# [WHAT TO PRODUCE]
Copy the listing exactly; drop the pictures.

*** Opening of DATA SHOWN ***

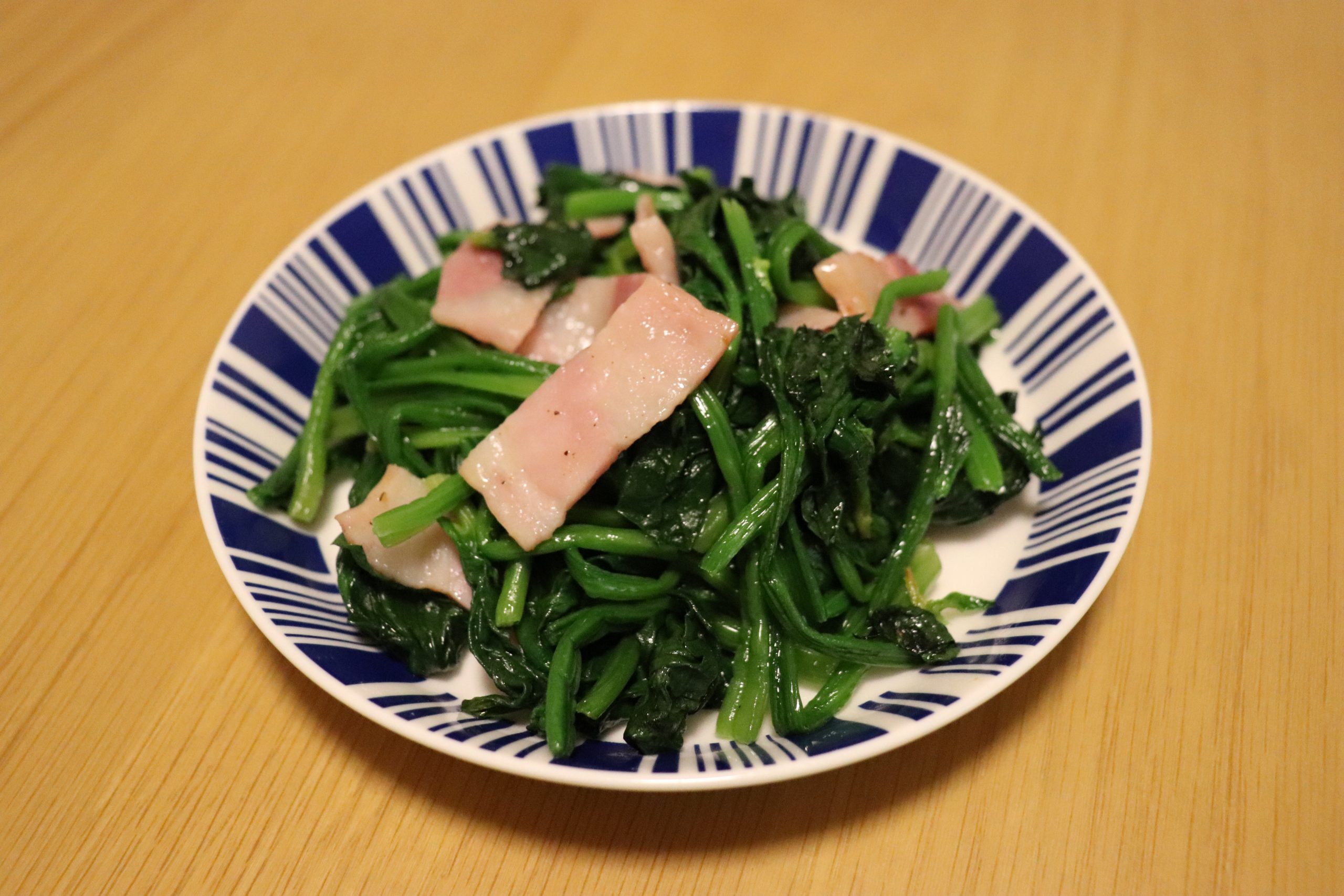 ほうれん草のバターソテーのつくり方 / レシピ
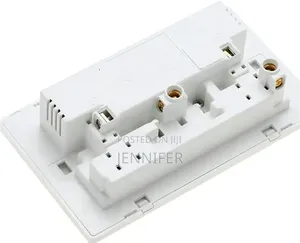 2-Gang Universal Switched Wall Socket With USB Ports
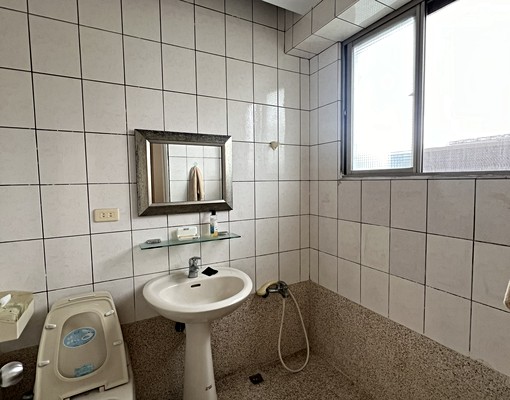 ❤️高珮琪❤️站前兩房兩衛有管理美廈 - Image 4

*** Close of DATA SHOWN ***

# [YOUR SOLUTION]
 ほうれん草のバターソテーのつくり方 / レシピ
 2-Gang Universal Switched Wall Socket With USB Ports
 ❤️高珮琪❤️站前兩房兩衛有管理美廈 - Image 4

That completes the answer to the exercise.